Repeat exactly, and nothing more, the lines from the one that includes "Antique Dollhouse Biedermeier" through the final line of the entries; skip the pictures.

-.-.-

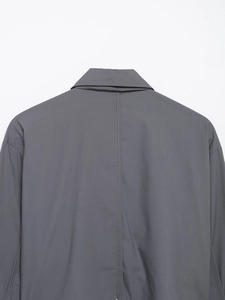 Close-up of the back collar and precision stitching on the dark grey poplin shirt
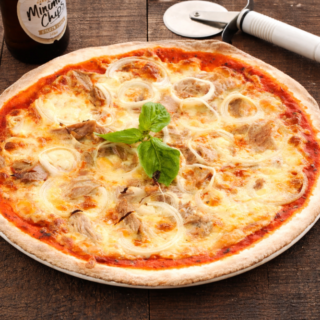 Freshly baked tuna and onion pizza with melted mozzarella, tender tuna pieces, and soft onion rings topped with basil.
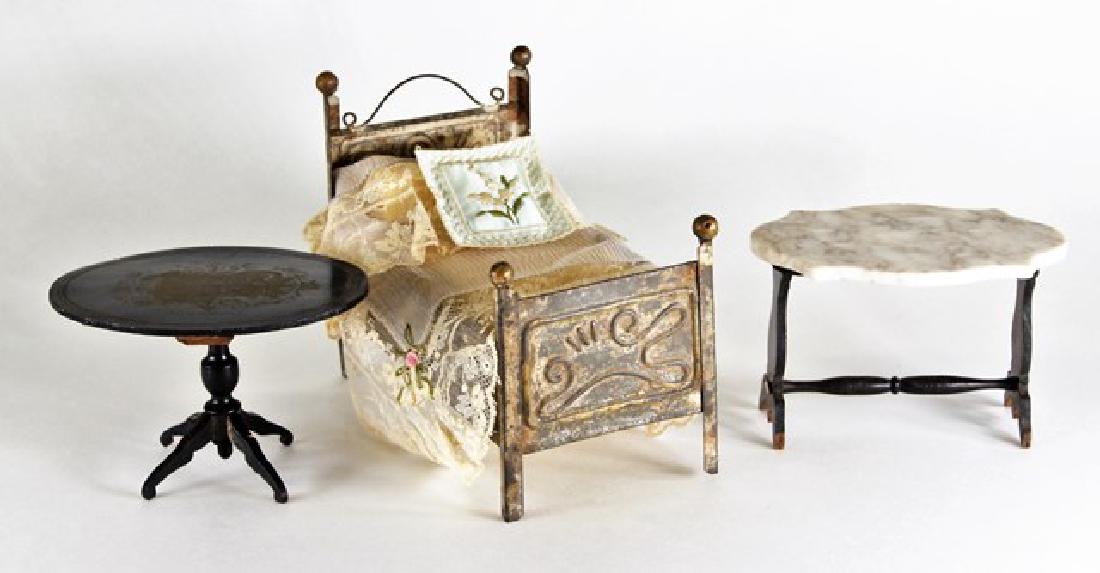 Antique Dollhouse Biedermeier & Tin Furniture: Antique Biedermeier oval table with stenciled scene of Reinhardsbrunn 4.5"W, 3.5"D, 3"D, marble turtle top table with Biedermeier base 4.75"W, 3.25"D, 3"H, antique embossed tin bed 6"L, 3.25"W, 5"H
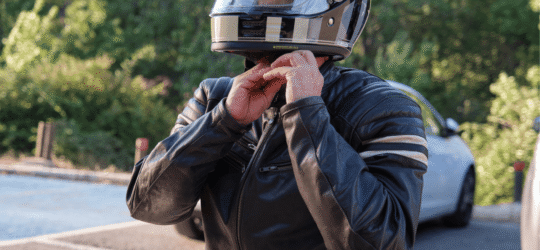 Motorcyclist putting on helmet in parking lot
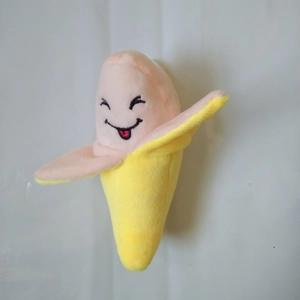 Close-up of humanized banana plush dog toy with cute embroidery on soft yellow fabric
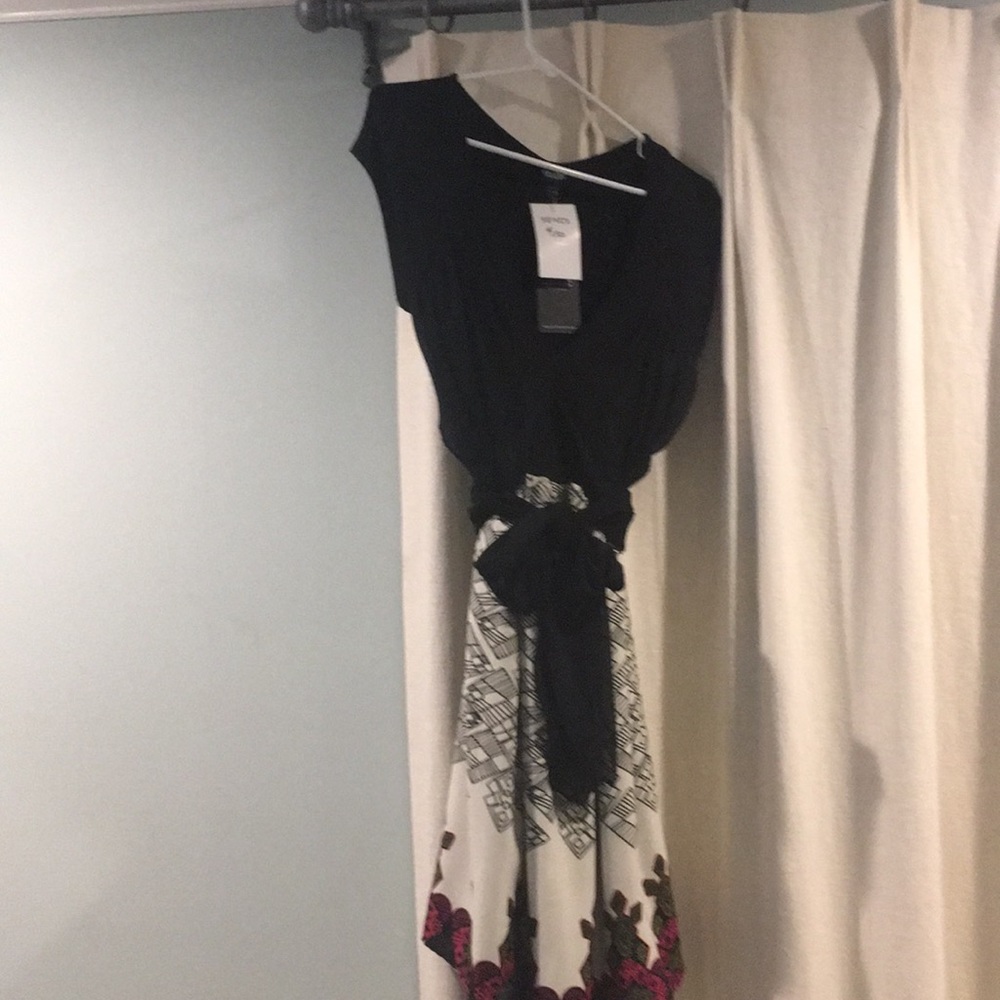 Large. Never worn maternity dress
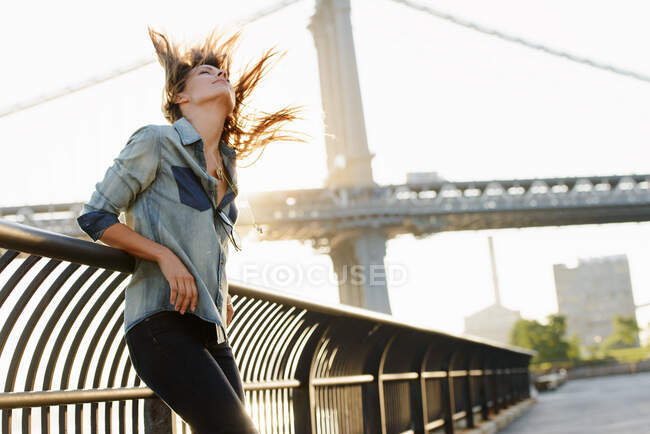 Jeune femme aux cheveux balayés par le vent, Manhattan Bridge, Brooklyn, USA — Photo de stock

-.-.-

● Written response:
 Antique Dollhouse Biedermeier & Tin Furniture: Antique Biedermeier oval table with stenciled scene of Reinhardsbrunn 4.5"W, 3.5"D, 3"D, marble turtle top table with Biedermeier base 4.75"W, 3.25"D, 3"H, antique embossed tin bed 6"L, 3.25"W, 5"H
 Motorcyclist putting on helmet in parking lot
 Close-up of humanized banana plush dog toy with cute embroidery on soft yellow fabric
 Large. Never worn maternity dress
 Jeune femme aux cheveux balayés par le vent, Manhattan Bridge, Brooklyn, USA — Photo de stock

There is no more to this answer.